En una carta abierta al gobernador de San Petersburgo, Gueorgui Poltávchenko, la Unión de Científicos de la ciudad hizo un llamamiento a paralizar la entrega de la catedral a la Iglesia, traspaso que califica de "inadmisible". Los científicos subrayaron que la catedral, considerada la tarjeta de visita de la ciudad a orillas del Nevá, fue construida con recursos del Estado y nunca perteneció a la Iglesia. "No hay que caer de un extremo en otro: en los años del totalitarismo los templos eran destruidos, y ahora se entregan a la Iglesia catedrales que desde hace mucho son museos", se afirma en la misiva. Además, advierten de que la Iglesia ortodoxa también aspira a hacerse con otro de los templos museo de San Petersburgo, la Iglesia del Salvador sobre la sangre derramada, erigida en el lugar donde el zar Alejandro II fue víctima de un atentado con bomba que acabó con su vida. A las protestas de los científicos se ha sumado la Asociación de Museos de Rusia, que esta semana publicó una investigación que sostiene que la catedral de San Isaac ni en los tiempos de los zares perteneció a la Iglesia.

En el momento de su inauguración, en 1859, la catedral dependía de la comisión constructora y cuando esta fue disuelta, cinco años después, el zar Alejandro II traspasó el templo al Ministerio de Vías de Comunicación y Edificios Públicos. Ya en aquella época la Iglesia ortodoxa pidió que la catedral le fuera entregada, pero esta petición fue denegada por una comisión creada por el emperador ruso, que arguyó su decisión con el hecho de que el templo requería de "complejos trabajos tanto técnicos como artísticos de manera permanente".
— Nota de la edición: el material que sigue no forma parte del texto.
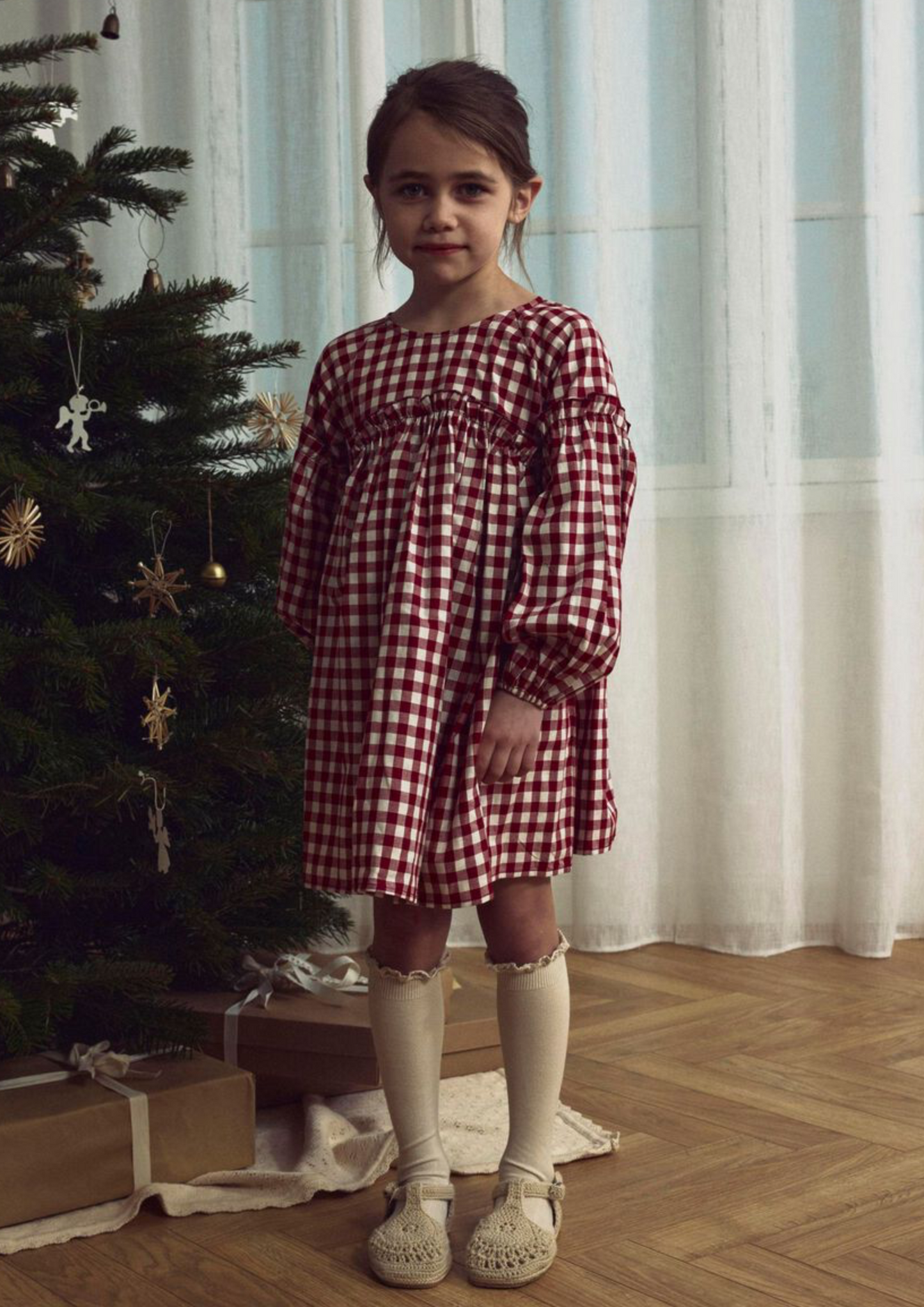 EKOLOGISK BOMULL KLÄNNING 92-122 - NMFRIO LS LOOSE DRESS LIL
En 1928, once años después de la revolución bolchevique, la catedral fue convertida en museo y desde junio 1991, ya en las postrimerías de la Unión Soviética, se ofician servicios religiosos en una de sus capillas. De acuerdo con datos de la administración del museo de la catedral, durante todo el año pasado apenas 18.000 creyentes asistieron a los oficios religiosos, que se celebran diariamente. En ese mismo periodo, cerca de 3,9 millones de turistas visitaron la catedral-museo, cuya entrada incluye una visita guiada por las naves del templo, obra del arquitecto francés Auguste Ricard de Montferrand.
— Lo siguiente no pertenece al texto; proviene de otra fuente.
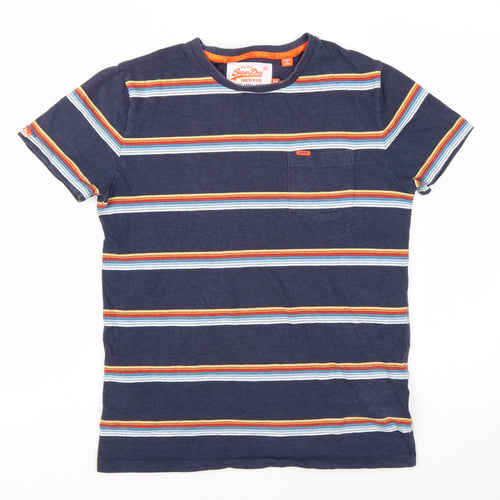 Superdry Men's Blue Striped 100% Cotton Crew Neck T-Shirt Size M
El portavoz del Ayuntamiento de San Petersburgo, Andréi Kibitov, explicó que el proceso de cesión de la catedral por un período de 49 años no será asunto "de uno o dos días", sino que llevará "largo tiempo", porque el edificio está protegido por la Unesco y acoge numerosas piezas de gran valor artístico, especialmente sus admirados mosaicos. En todo caso, el edificio continuará siendo propiedad de la ciudad y, según la jerarquía ortodoxa, mantendrá su actividades museísticas. "Desde luego, la decisión de traspasar la catedral de San Isaac a la Iglesia ortodoxa rusa ha tenido una enorme resonancia social, pero yo no diría que esto pueda convertirse en un gran problema", declaró el diputado y ex campeón mundial de boxeo, Nikolái Valúev. Según el legislador, presidente del Comité de la Duma para asuntos de la juventud, la cesión del templo "en ningún caso puede influir negativamente en uno de los edificios más grandiosos construidos en San Pertersburgo".

Un portavoz de la diócesis local, Alexandr Pelin, afirmó que actualmente los creyentes "se sienten parias" en la Catedral de San Isaac, ya que "sus derechos están restringidos". "Tenemos que oficiar la misa rápido y corriendo, de siete a nueve, ya que después viene la marabunta de extranjeros y excursiones. Así no se hacen las cosas. Las excursiones no pueden ser más importantes y significativas que el servicio religioso", explicó.